In subsequent chapters, Friss explores the shifting role of bookstores and how each shop emerged as an expression of its era. 

For example, in the first decades of the 20th century, New York City included a financial district, a theater district, and – for a time – a bookstore district. Bookseller’s Row on Fourth Avenue in downtown Manhattan included the renowned Strand bookstore, which has been in business since 1927. The success of this district prompted a local bank to add Saturday hours to make cash available to shoppers who were scooping up new releases as well as secondhand copies. Friss tells how customers, mostly men, ran “the gamut from ‘improper bohemians’ to ‘staid bankers.’” 

Later, as booksellers began creating spaces to linger and discuss ideas, bookstores emerged as centers of not only culture but also activism. These businesses expanded beyond their role as hubs of commerce. In fact, they fueled and fostered social movements.
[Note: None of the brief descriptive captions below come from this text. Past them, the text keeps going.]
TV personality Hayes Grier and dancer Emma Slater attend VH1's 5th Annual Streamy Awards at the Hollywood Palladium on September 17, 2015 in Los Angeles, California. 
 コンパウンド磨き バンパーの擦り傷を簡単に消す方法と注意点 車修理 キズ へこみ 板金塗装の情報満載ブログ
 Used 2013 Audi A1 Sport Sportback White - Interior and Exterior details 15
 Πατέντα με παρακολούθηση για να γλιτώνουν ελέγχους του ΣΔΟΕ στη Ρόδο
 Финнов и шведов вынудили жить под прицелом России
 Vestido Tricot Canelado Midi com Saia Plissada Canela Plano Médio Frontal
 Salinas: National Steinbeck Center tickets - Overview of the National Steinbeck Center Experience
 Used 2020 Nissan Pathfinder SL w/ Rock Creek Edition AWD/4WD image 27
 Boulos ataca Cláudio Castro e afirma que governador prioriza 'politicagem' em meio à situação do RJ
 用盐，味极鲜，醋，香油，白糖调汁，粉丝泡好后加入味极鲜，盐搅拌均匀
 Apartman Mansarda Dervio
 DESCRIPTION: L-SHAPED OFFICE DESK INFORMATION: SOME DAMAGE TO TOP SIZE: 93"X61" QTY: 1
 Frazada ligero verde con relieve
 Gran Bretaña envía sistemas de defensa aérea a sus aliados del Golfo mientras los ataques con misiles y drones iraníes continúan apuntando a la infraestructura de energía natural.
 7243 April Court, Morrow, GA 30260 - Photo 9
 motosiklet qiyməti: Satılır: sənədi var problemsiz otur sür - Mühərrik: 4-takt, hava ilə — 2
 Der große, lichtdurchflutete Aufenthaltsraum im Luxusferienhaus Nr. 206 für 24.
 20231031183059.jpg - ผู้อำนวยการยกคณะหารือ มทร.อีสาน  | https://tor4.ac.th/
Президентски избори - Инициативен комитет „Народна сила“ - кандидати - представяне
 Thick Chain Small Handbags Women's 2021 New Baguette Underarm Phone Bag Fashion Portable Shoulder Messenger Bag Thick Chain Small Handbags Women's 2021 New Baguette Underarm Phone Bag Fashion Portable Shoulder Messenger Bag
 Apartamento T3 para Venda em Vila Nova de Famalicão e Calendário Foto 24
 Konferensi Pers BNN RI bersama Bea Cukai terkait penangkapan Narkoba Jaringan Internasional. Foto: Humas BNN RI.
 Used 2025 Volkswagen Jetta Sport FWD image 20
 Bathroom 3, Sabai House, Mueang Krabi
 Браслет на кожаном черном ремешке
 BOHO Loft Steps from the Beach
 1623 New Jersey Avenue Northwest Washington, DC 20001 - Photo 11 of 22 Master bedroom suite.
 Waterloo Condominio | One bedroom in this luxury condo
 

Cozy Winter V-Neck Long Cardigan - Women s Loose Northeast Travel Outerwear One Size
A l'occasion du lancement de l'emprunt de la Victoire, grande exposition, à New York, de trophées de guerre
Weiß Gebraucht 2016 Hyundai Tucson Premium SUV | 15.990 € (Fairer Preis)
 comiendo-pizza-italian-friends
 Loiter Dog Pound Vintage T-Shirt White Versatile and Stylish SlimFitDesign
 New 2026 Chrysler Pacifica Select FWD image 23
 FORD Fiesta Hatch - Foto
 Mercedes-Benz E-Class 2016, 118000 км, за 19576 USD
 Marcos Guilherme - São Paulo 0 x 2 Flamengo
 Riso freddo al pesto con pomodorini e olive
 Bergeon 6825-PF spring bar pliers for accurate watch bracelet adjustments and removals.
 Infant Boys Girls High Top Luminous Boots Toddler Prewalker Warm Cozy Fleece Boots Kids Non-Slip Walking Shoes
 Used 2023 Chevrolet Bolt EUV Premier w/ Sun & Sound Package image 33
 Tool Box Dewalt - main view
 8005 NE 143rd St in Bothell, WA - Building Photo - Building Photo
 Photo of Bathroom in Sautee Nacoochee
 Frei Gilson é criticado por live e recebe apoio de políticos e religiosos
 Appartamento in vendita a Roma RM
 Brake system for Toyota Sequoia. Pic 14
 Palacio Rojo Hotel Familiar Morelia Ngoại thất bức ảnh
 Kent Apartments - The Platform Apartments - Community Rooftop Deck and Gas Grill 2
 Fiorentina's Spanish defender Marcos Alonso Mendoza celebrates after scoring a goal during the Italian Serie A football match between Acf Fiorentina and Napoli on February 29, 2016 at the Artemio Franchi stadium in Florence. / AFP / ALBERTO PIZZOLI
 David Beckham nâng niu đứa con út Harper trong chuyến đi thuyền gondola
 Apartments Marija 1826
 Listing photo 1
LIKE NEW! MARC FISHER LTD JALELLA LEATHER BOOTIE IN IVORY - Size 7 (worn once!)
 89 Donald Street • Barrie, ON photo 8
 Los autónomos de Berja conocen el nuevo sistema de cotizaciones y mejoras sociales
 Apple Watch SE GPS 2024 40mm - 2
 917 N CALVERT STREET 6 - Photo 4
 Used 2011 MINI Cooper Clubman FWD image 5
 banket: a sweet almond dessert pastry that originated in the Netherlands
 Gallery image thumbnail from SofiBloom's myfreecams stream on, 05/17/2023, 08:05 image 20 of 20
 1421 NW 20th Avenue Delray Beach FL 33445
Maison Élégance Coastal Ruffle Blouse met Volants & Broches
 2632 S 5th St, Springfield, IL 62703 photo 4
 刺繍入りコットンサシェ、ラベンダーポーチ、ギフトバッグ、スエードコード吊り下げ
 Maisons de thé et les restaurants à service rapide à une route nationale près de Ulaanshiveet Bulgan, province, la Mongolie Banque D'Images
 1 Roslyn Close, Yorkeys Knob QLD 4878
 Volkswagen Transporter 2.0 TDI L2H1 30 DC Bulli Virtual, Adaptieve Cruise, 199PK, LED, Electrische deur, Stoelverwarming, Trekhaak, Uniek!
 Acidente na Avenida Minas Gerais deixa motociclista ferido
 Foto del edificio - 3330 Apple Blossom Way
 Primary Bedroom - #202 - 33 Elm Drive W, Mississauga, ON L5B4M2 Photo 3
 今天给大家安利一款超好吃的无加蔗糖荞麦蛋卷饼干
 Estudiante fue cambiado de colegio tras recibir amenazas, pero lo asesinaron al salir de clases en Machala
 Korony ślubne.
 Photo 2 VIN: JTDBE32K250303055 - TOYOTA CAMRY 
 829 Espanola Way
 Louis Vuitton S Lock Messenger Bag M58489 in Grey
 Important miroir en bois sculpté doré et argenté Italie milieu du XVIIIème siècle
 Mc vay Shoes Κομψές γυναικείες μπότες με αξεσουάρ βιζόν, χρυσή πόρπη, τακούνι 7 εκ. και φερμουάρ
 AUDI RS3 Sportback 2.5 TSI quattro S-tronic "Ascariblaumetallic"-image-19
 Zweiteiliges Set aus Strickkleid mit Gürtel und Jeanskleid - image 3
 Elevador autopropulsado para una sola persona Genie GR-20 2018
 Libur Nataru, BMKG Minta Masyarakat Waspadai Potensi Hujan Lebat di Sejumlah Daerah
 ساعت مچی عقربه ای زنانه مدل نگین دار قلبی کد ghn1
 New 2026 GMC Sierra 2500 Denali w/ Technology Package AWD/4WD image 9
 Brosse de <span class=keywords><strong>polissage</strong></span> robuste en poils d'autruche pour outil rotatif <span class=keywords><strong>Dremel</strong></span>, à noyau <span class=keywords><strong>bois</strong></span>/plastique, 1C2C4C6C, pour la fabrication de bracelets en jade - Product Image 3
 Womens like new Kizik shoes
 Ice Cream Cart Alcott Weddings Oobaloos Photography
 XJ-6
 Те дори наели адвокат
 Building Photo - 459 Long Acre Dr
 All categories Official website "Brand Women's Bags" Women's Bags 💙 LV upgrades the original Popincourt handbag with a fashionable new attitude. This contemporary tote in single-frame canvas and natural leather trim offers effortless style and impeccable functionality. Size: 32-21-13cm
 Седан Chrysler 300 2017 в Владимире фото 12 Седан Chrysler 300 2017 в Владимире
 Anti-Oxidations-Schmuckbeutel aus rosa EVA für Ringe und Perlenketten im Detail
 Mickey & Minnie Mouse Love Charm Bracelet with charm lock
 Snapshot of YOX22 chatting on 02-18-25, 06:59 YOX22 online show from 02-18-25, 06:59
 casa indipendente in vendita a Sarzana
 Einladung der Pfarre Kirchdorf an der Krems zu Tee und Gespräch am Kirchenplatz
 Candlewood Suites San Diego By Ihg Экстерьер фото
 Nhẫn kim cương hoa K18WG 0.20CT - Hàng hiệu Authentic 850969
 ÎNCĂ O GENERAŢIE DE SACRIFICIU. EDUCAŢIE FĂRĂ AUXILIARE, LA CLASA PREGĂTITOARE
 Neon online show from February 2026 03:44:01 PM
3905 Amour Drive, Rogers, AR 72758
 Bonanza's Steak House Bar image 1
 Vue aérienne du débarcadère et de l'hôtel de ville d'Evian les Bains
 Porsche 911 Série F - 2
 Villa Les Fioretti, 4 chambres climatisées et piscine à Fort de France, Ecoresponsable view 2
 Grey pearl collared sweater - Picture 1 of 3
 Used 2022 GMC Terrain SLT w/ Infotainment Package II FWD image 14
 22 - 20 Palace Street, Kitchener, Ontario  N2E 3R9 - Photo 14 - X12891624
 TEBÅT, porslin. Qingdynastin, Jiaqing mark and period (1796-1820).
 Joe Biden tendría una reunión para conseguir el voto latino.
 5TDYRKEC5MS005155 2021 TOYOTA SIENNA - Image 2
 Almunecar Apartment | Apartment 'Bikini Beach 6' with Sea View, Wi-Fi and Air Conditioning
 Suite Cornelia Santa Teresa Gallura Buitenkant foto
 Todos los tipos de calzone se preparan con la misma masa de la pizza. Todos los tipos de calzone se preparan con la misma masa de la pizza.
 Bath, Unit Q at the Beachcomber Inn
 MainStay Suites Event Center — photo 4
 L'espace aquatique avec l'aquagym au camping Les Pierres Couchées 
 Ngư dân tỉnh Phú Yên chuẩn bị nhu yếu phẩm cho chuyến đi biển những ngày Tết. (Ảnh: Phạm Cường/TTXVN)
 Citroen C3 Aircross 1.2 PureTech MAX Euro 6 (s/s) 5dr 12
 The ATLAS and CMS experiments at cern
“The ubiquitous image of the quaint bookshop and the becardiganed bookseller makes us blind to their power,” Friss writes. “The right book put in the right hands at the right time could change the course of a life or many lives.” 

The influence that bookstores exerted was not benign in all cases. The Aryan Bookstore in Los Angeles, which opened in 1933, emerged as the center of American Nazism. It was shut down by government authorities after the United States declared war on Germany and entered World War II.

Enterprises with more pro-social goals included the Oscar Wilde Memorial Bookshop in New York’s Greenwich Village, which opened in 1967 with the intention of changing public perceptions of gay people, and Drum & Spear in Washington, a Black-owned bookshop that opened during the volatile summer of 1968 expressly to stock books by Black authors. 

Friss explains how such stores provided readers with books that explained the histories of minorities and marginalized populations while also providing practical support to members of these communities. The Oscar Wilde, for example, maintained a telephone hotline to connect members of the gay community with information and services, a rare commodity for the time. In the case of the nonprofit Drum & Spear, the author notes that the very existence of the store refuted racist stereotypes of Black people. “They had sat at lunch counters. They had marched in the streets. Now they would sell books.” 

Drum & Spear proved to be a constructive response to a challenging era. America is again in the midst of social upheaval. Yet Friss shares how booksellers such as Patchett have embraced the mission as a cultural imperative. This commitment, as well as the enduring contributions of American bookstores, offers reasons for hope.